Continuons sur le genre. Dans cette mauvaise farce au-delà des clichés résolus, on apprend bien vite que le héros n’est qu’en situation de pouvoir apparente. S’il est le centre de l’objectif de la caméra, à plusieurs reprises la caméra glissent insidieusement vers les personnages alentours, notamment féminins. On y voit alors les femmes en une situation particulière de pouvoir: elles font le lien de ce qui permet à Ibrahima de vivre, et donc à la famille de survivre. Elles sont le pouvoir du liant qui fait vivre. Si elles font les tâches domestiques (préparer à manger, laver, chercher l’eau), elles sont aussi les maîtresses du sens. S’il reçoit les invités, ordonne ce qu’il fera pour faire vivre sa famille, c’est elles qui, dans des plans faisant glisser l’attention vers elles, gèrent le rationnement alimentaire sans le dire à Ibrahima, elles qui reçoivent les informations postales décisives, elles qui par leur présence indiquent à Ibrahima ce qu’il doit faire, elles même qui mentiront afin de retrouver les ressources manquantes. Si Ibrahima est ballotté, ce sont elles qui agissent concrètement pour la famille. L’une sacrifie son seul bijou de valeur (que le héros utilisera à mauvais escient), l’autre rationne, les deux mentent de concert pour les sauver. Mieux elles semblent être les vraies maîtresses du lieu de vie, puisqu’Ibrahima est seulement aperçu chez lui, c’est-à-dire dans le confort de l’assise, que sur son tapis où il mange et reçoit les invités. Tous les autres lieux, et notamment devant la porte et derrière la porte (les ressources) sont tenues par elles, au point qu’une fois Ibrahima lui-même devra se détourner de l’espace où l’une d’elle se lave. Bref, alors que le film est centré sur les actions quotidiennes d’Ibrahima, les personnages féminins sont ici marqués par leur héroïsme quotidien. Mieux, il y aura même un retournement d’autorité de genre lorsque sous les demandes pressantes de la sœur d’Ibrahima, lui-même se forcera à préférer lui donner le peu qui leur reste plutôt qu’à ses amis proches ou à lui-même. Loin d’une situation occidentalo-centrée où l’homme blanc se dirait sauveur des âmes faibles, on voit bien plutôt l’exubérance d’une réalité sociale qui échappe aux jugements faciles.
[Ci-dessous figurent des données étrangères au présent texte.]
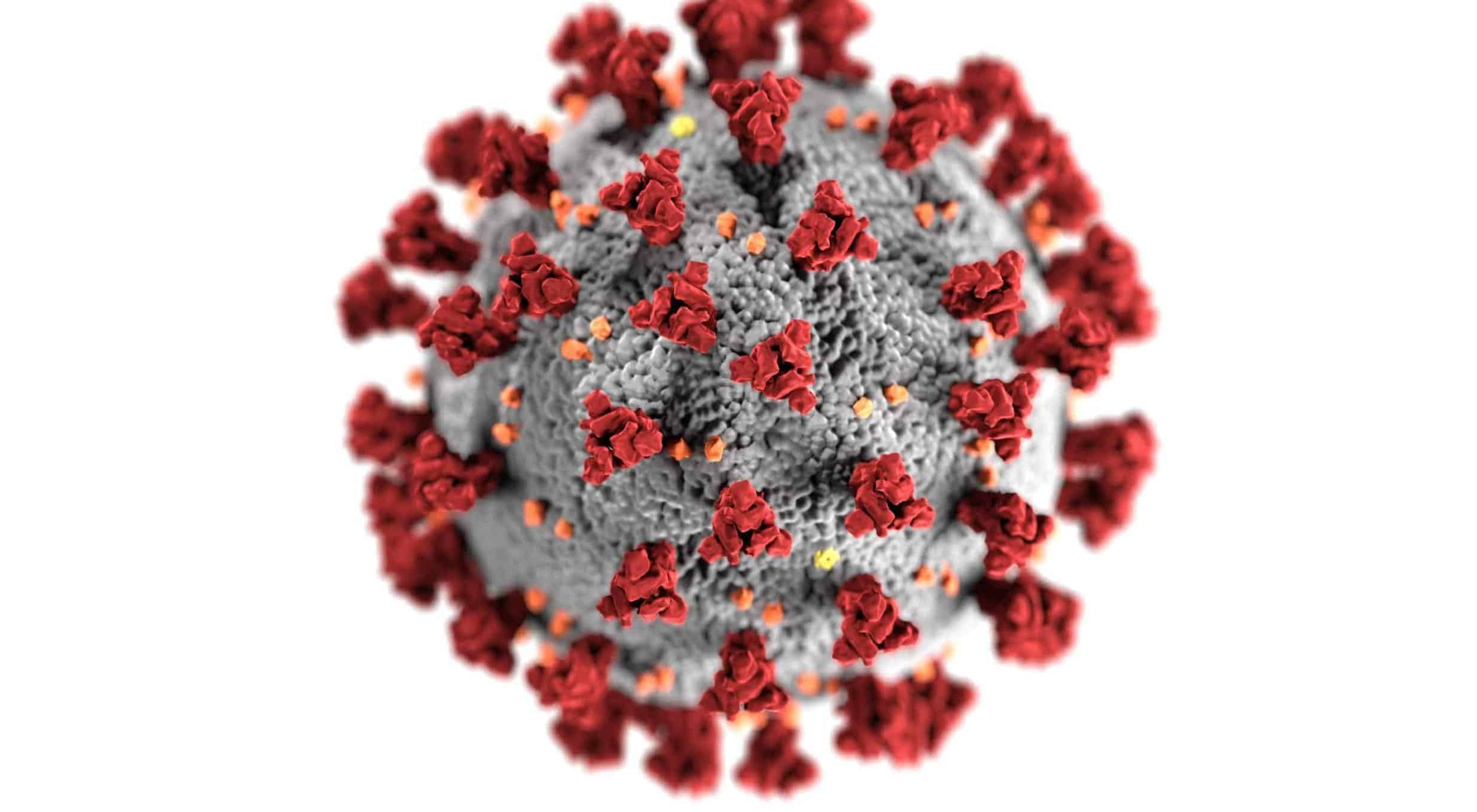 gizemli hepatit virusu nedir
Chacun lutte avec ses armes pour défendre sa famille. Mais toujours dans l’intérêt familial (nous verrons que le seul manquement à cette règle vient justement du monde occidental).
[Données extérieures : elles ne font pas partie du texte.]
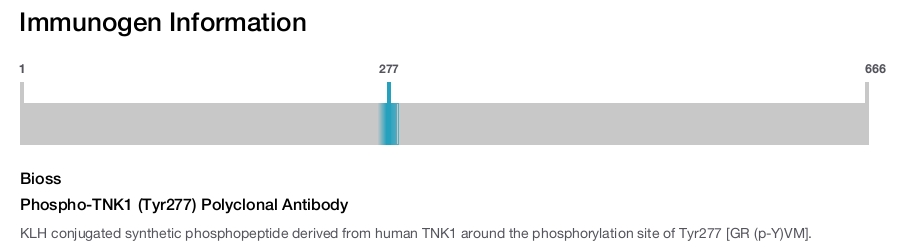 Phospho-TNK1 (Tyr277) Polyclonal Antibody
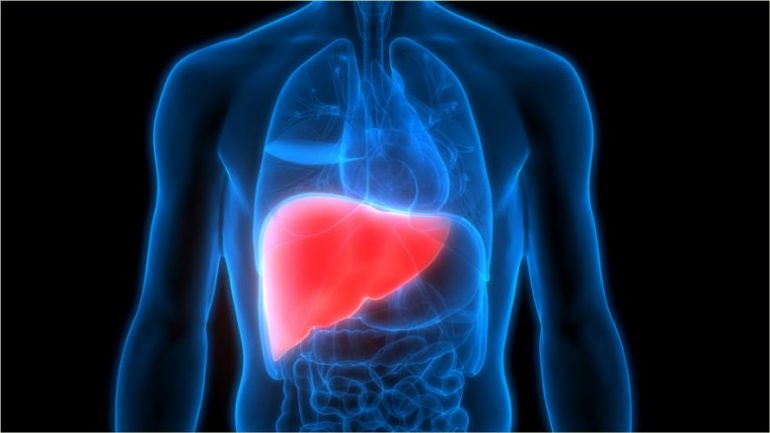 Udhëzimet e ISHP, disa fakte që duhet të dini rreth hepatitit viral melcia 780x439 1 770x433 1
Il n’y a ainsi aucun misérabilisme. Pour un occidental habitué aux images lointaine recrachées par l’empire médiatique de la condescendance faussement bienveillante, cela peut même surprendre. Oui Ousmane Sembene nous montre la ville telle qu’elle. Sans leurre et dans le heurt de l’exposé presque documentaire. Le quartier pauvre est fait de rue sans trottoir, sans route pavée ou bétonnée, sans infrastructure donc. A l’envers la ville centrale et administrative, rapide et bétonnée jusqu’au ciel, où le personnage ET le spectateur se perdent confusément. Paradoxalement c’est le quartier défavorisé qui semble plus chaleureux, plus clair et rassurant. Les têtes y sont connues. Et c’est le mérite du réalisateur que d’avoir suprêmement réussi à opposer les géographies spatiales en écartant la facilité du misérabilisme condescendant. La violence se retourne : elle n’est plus dans le manque du quartier défavorisé (pourtant réellement en manque de), mais dans la violence incompréhensible et sans aucun sens (au double sens du sens) de la ville kafkaïenne. Ainsi, si tout le film nous montrera des personnages jaloux et débrouillards, nageant dans la difficulté sociale du manque de ressources, ce sens-là débordera toujours le vide précis des lignes formelles de la ville moderne et administrative. D’ailleurs l’impossibilité de sens de cette ville moderne se confirmera dans les rendez-vous manqués de l’administration avec la population (par l’entremise du héros) : des guichets, des barreaux, des files d’attente, viendront remplacer la chaleur humaine par la froideur qui sépare les hommes. Quand un rabatteur se fera payer par Ibrahima de l’avoir simplement mené à une file d’attente (démarche inutile, et dans la difficulté financière, largement trop chère), il y aura toujours au moins le sens d’une relation sociale non coupée. Le personnel administratif est filmé derrière la barrière (réelle) ou tout simplement absente et hors-champ, enfermé dans ces buildings démesurés (par rapport au quartier où vit le héros). Il y a une troisième ville, celle rare où Ibrahima va à l’encontre de son neveu riche. Les demeures bourgeoise y sont sereines et placides, violemment froides, et d’un silence perceptuel qui renverse la vie du quartier ou le bruit de la ville active. Dans cette troisième ville se terre l’élite riche qui emmagasine les richesses derrière les barrières et les haies. Dans cette troisième ville se terre le voleur d’Ibrahima.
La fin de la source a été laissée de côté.